And there's a noticeable difference between the audience in Mike and Brian's shows in the U.S.
Brian's shows have always seemed younger, hipper -- sometimes geekier -- perhaps more into the history of music, and on average 30 to 50 years old -- at times overly forgiving of Brian's shortcomings.
Mike shows have always shocked me at how old the core audience is; bad hips, white hair -- absolutely no care to who's singing the song -- "I gotta beer and a chair and it's all good." There's also that element of group homes, bikers, which I've often caught at Mike's -- but not Brian's -- concerts.
I catch plenty of classic acts in concert, I've yet to EVER see one older than at Mike's show.
It's interesting that it's essentially the same show and an absolute night and day scenario in terms of the cut of who's showing up.
The 50th bridged that gap a bit -- it was an older crowd than unusually found at BW's shows, but there was still a youthful element that must've been shocking to Mike.
And . . . . . . . . . there were people with pens there writing about what they saw and heard.
I think that might be stretching things a little.
Obviously the M&B shows do attract plenty of old people but plenty of their shows, depending on the venues, also attract all ages from young children upwards. This is even truer when the mighty John Stamos is involved.
I am with you on this. There are plenty of young people at the shows. Even Mike has mentioned many times on Facebook that there were many young people at this year's shows. He even talked about the kids even sang along on many songs and was amazed that they knew all the words. Maybe California audiences are a different mix than other parts of the country.
I dunno. I'm only partially being facetious when I say that when a crowd is, on average, really old, then the scattered young people stick out even more. Yes, I've seen young folks at old fogey shows like Ringo, McCartney (less so with McCartney; probably only because his tickets are so expensive), the Beach Boys, etc. But the average age at a Brian Wilson show is surely noticeably lower than that at a Beach Boys concert. There may be more 10-year-old kids at a Beach Boys concert than at a Brian Wilson show (which may also have to do with ticket prices), but there are more folks in their 20's and 30's at a Brian show. There are a bunch of interesting possible reasons for this, and it's a fun and interesting topic to discuss, but it's a difficult discussion to have when people are insistent on defending Mike's show against the charge that the audience is, on average, on the more geriatric side.
There are all sorts of interesting breakdowns on the potential stats on audiences. For instance, I would guess the age at, say, a UK "Beach Boys" show skews at least a bit younger than at a US show, since the band may have gained a disproportionately large number of fans in the later 60's and into the early 70's in the UK compared to the US.
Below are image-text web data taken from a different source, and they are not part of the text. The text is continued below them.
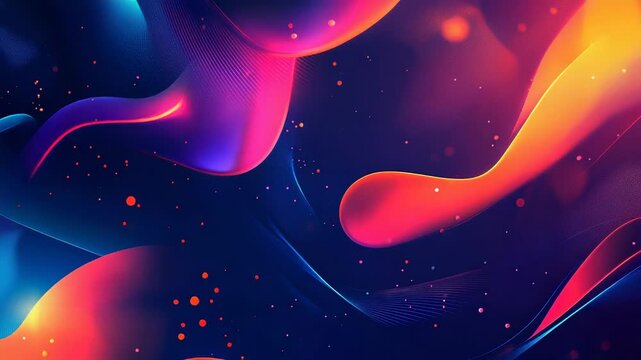 Abstract flowing liquid shapes with vibrant neon colors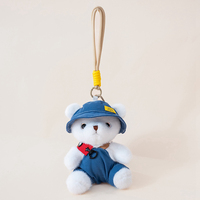 50 pièces, faible MOQ, prix usine, porte-clés ours en peluche avec dragonne, parfait comme breloque de sac, cadeau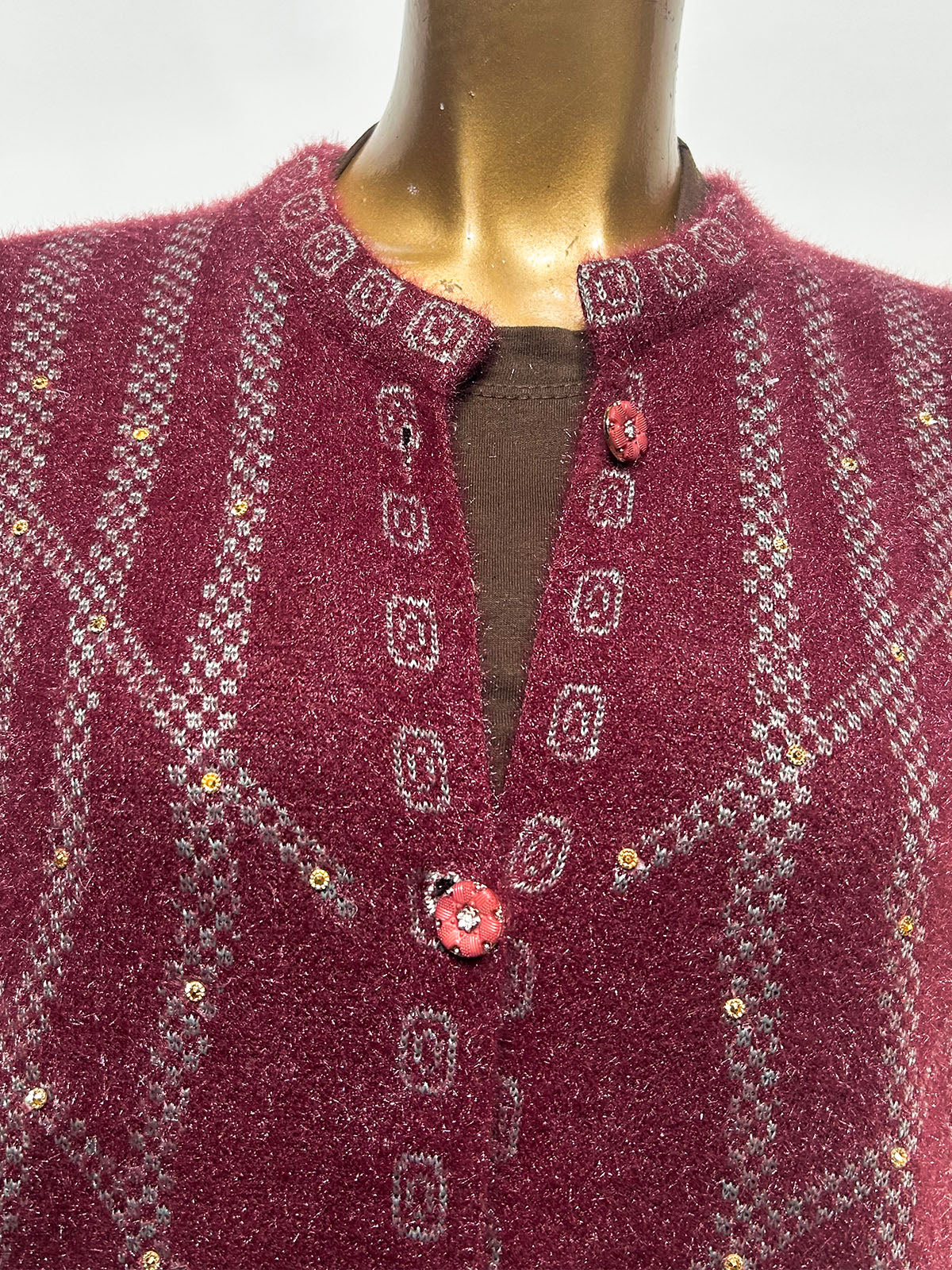 Maroon Sleeveless Sweater For Women WSW94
I have little doubt there's a bit of a political, social subtext boiling under the surface of some of these discussions. I've seen it happen before during discussions of C50 playing larger markets versus Mike playing smaller, more out of the way markets. Setting aside how we individually feel about the group, when we're looking at how the rest of the world views them, there are some fans who think the reaction of an audience in Biloxi is just as integral to the band's career as a good review in Rolling Stone or the the large market newspapers, etc. I can step back and try to be objective and say, the amazing press C50 got was FAR better for their image/career, etc., than making sure they hit the Beau Rivage in Mississippi each and every year.